> What is being asked
Give again, exactly as written, the lines of the records below from the line with "Cover: SuperMcSplodoBombtasticMgee - Author" to the line with "Little Learning Labs: Math". Both end lines count; pictures do not.

> Input

*** Begin section ***

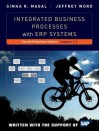 Integrated Business Processes with Erp Systems - Simha R. Magal, Jeffrey Word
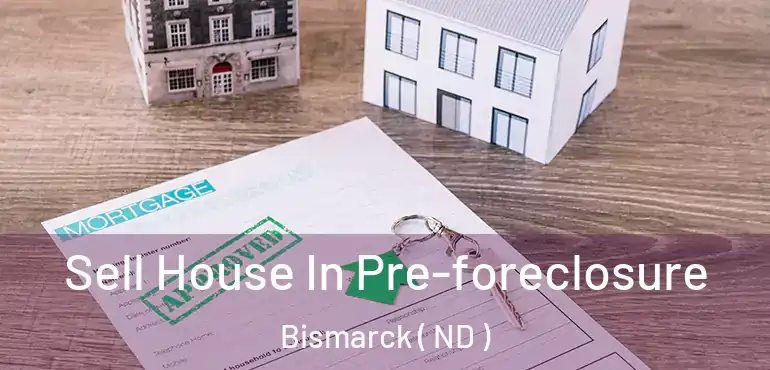  Sell House In Pre-foreclosure Bismarck ( ND )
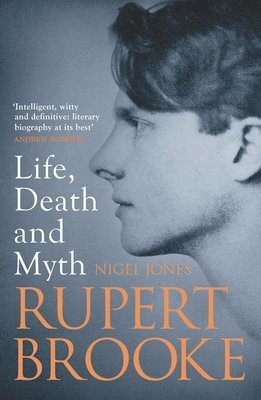 bokomslag Rupert Brooke: Life, Death and Myth
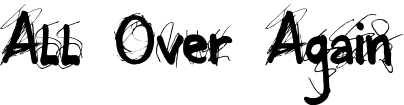 All Over Again font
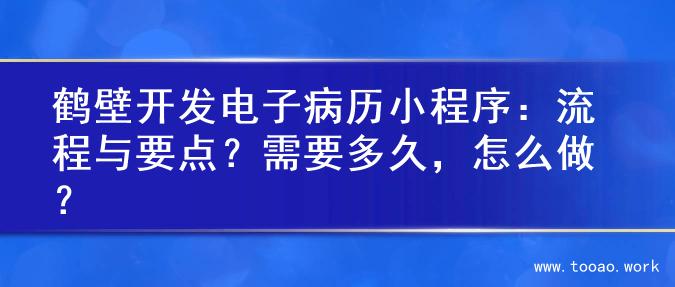 鹤壁开发电子病历小程序：流程与要点？需要多久，怎么做？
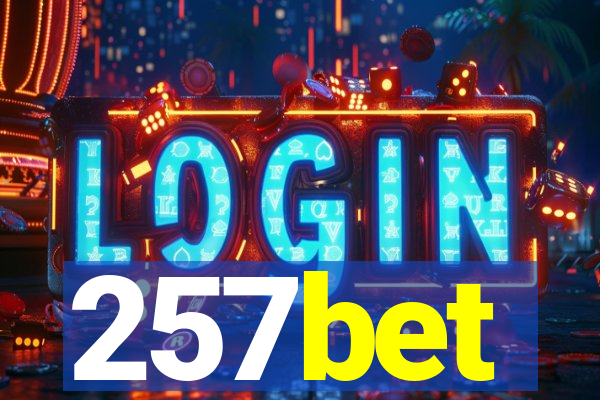 257bet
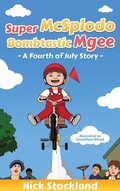 Cover: SuperMcSplodoBombtasticMgee - Author Nick Stockland
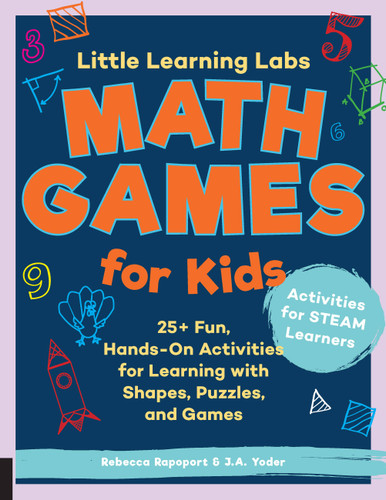 Little Learning Labs: Math Games for Kids, abridged paperback edition: 25+ Fun, Hands-On Activities for Learning with Shapes, Puzzles, and Games (Little Learning Labs #6) book cover by Rebecca Rapoport, J.A. Yoder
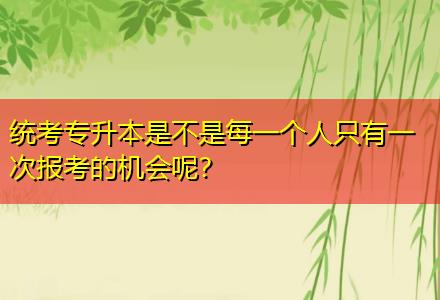 統(tǒng)考專升本是不是每一個(gè)人只有一次報(bào)考的機(jī)會(huì)呢？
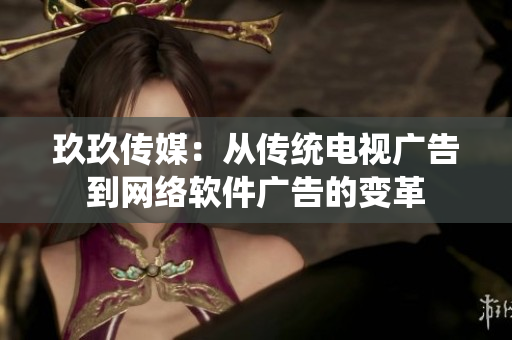 玖玖传媒：从传统电视广告到网络软件广告的变革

*** End section ***

> Task solution
 Cover: SuperMcSplodoBombtasticMgee - Author Nick Stockland
 Little Learning Labs: Math Games for Kids, abridged paperback edition: 25+ Fun, Hands-On Activities for Learning with Shapes, Puzzles, and Games (Little Learning Labs #6) book cover by Rebecca Rapoport, J.A. Yoder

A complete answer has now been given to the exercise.